Le premier roman d’Aurélie Foglia, « difficile à retenir »

« Elle ne supporte plus le poids de l’air ni de porter son nom. » (p. 16) Lorsqu’une femme de lettres divorce, se pose la question du nom auquel se rattache son œuvre. Aurélie Foglia a d’abord publié en tant qu’Aurélie Loiseleur, nom aérien qui a propulsé ses premiers recueils poétiques (Hommage à Poe, 2007 ; Entrée en matière, 2010). En 2019, elle donne son premier roman, l’auto-fiction du divorce d’une certaine Dolorès.

Le livre consiste en une succession de ce que Régis Jauffret appellerait des microfictions : en trois ou quatre pages, une saynète où l’intimité met en danger la civilité. L’empathie, lorsqu’elle devient trop difficile pour les personnes, se déporte sur des objets, comme une théière : « Si elle n’avait pas divorcé jamais sa théière n’aurait pris une telle importance dans sa vie. Elle a besoin de ce ventre pour la rassurer. Pose sa main sur le renflement » (p. 139). Ou bien une vitre cassée d’abribus : « Il y a quelque chose de si vulnérable dans les choses, qui en fait des victimes toutes désignées : il n’y a personne, on peut y aller » (p. 24).

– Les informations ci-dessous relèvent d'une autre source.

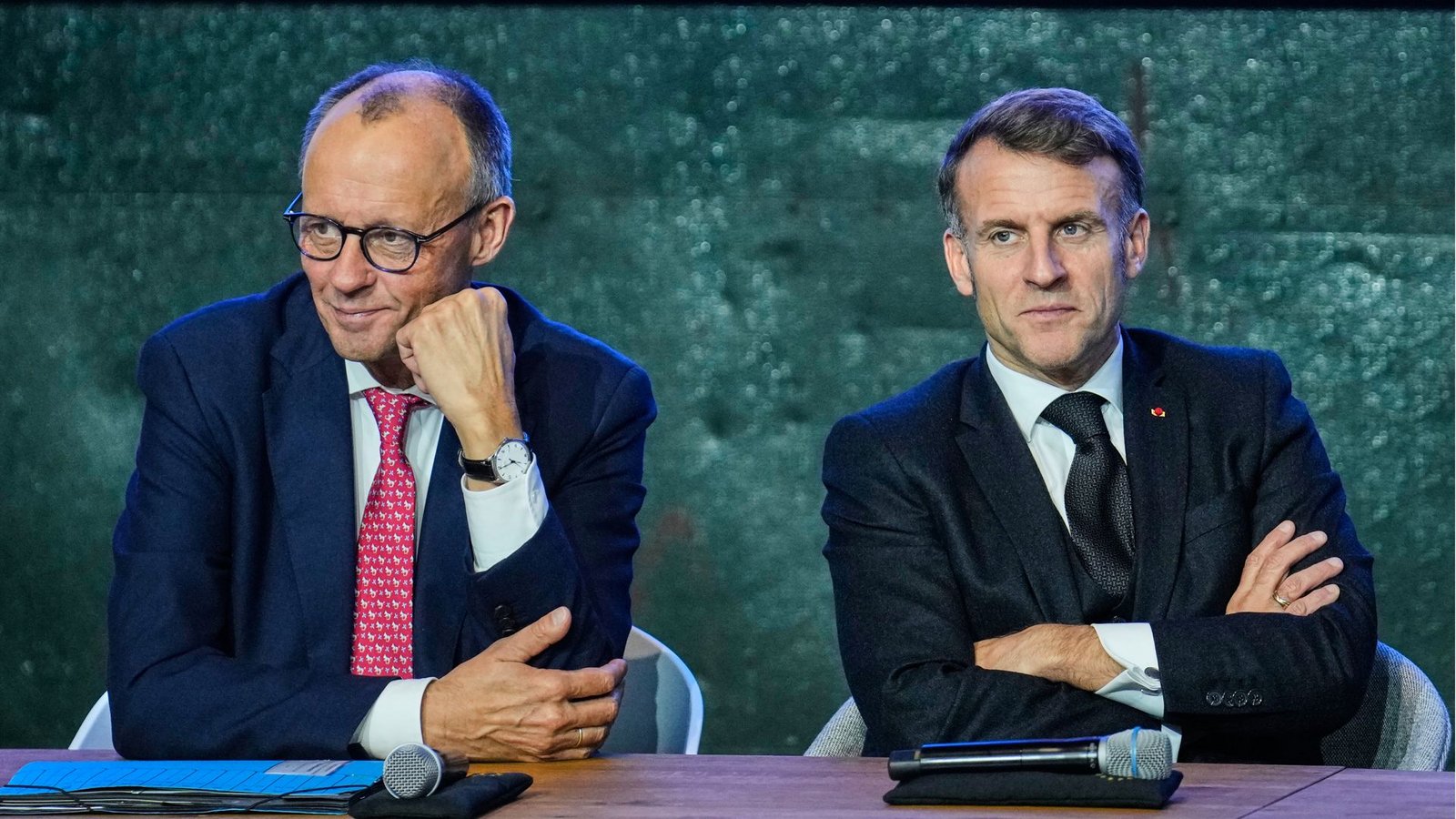 Haben sich im Moment eher wenig zu sagen: Bundeskanzler Merz (links) und Frankreichs Präsident Macron. Das angespannte Verhältnis belastet auch den EU-Gipfel im belgischen Alden Biesen .Foto: Ebrahim Noroozi/Pool AP/dpa Haben sich im Moment eher wenig zu sagen: Bundeskanzler Merz (links) und Frankreichs Präsident Macron. Das angespannte Verhältnis belastet auch den EU-Gipfel im belgischen Alden Biesen .Foto: Ebrahim Noroozi/Pool AP/dpa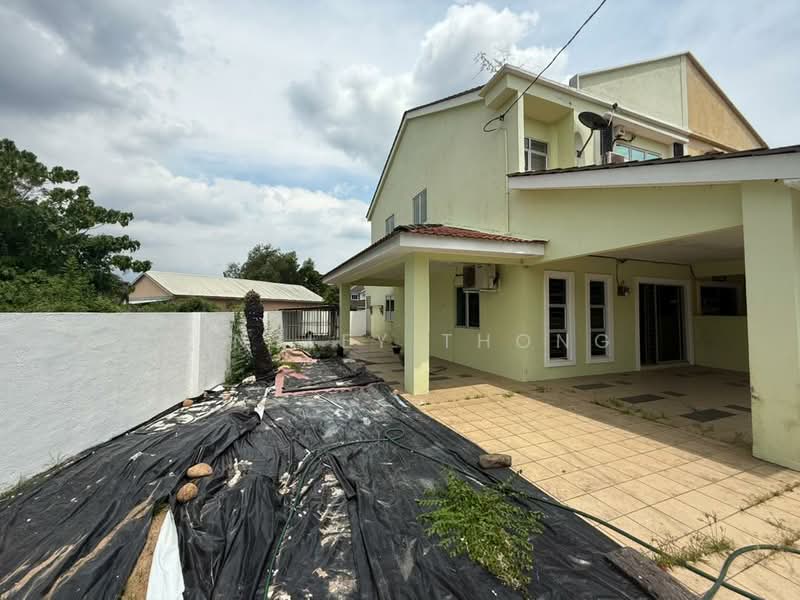 2-storey Terraced House for Sale in Ipoh (Perak) - Ainsley Thong - Exterior - PropertyGuru.com.my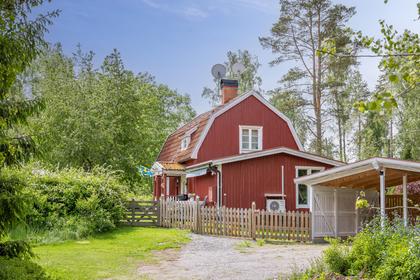 Eksjöhult Brostugan 1, Ulrika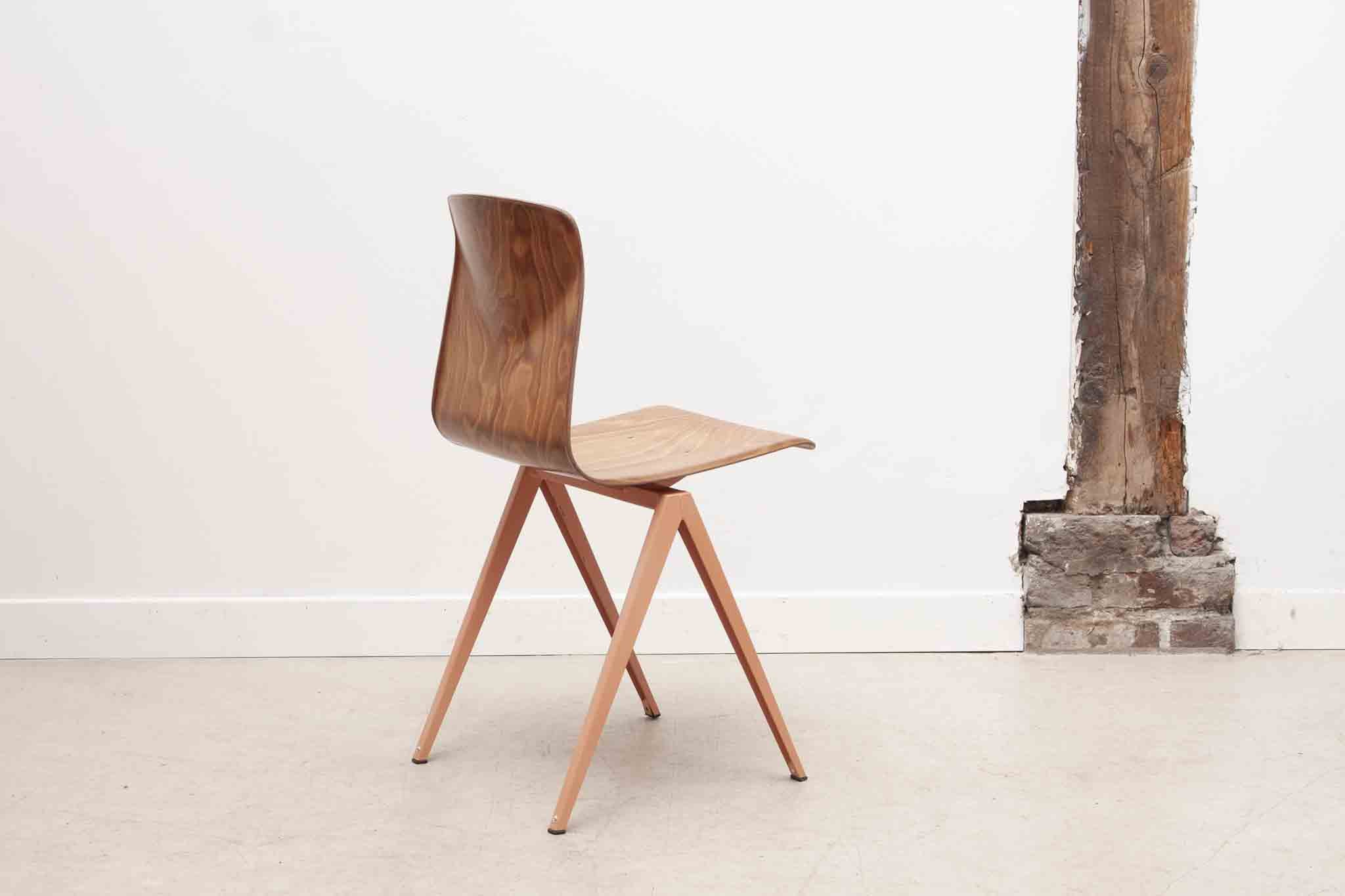 Galvanitas s19 reissue chair Off-white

Le divorce d’une femme de lettres en vue est-il un scoop ? Ai-je lu ce livre comme un ragot littéraire ? Comme scoops, on pourrait faire mieux. La mère de l’héroïne, qui lit avidement les gossips people, semble elle-même étrangère au divorce de sa fille, qui voudrait lui dire en face : « J’ai tout plaqué. Sauf que tu ne l’as pas lu dans le journal » (p. 52). Cette mère seule, triste et dégingandée, trop grande pour sa mère, comme elle paraît loin du lyrisme génial de Grand-Monde (Corti, 2018) ! Dénouement est à l’œuvre d’Aurélie Foglia ce que le compagnon de consolation de Dolorès, Jean, est à son mari perdu : « Quand il passe on ne le remarque pas, personne. Il est difficile à retenir. Elle l’aime pour ça, d’un amour qui ne va pas de soi » (p. 170). Telle est aussi l’affection paradoxale qu’on peut avoir pour un livre aussi dénué d’ambition, un livre qui, d’une certaine manière, « a échoué » (p. 188). Voilà sa réussite. Somme toute, le livre permet peut-être d’approcher ce conseil presque irrecevable que délivre une connaissance de l’héroïne, tôt dans le roman : « Tu as de la chance. Tu ne te rends pas compte. Un chagrin d’amour. Un vrai, un grand. On en a combien dans une vie ? Zéro, un ou deux à tout casser, après au revoir, on n’est plus bon pour souffrir. Alors profite » (p. 62).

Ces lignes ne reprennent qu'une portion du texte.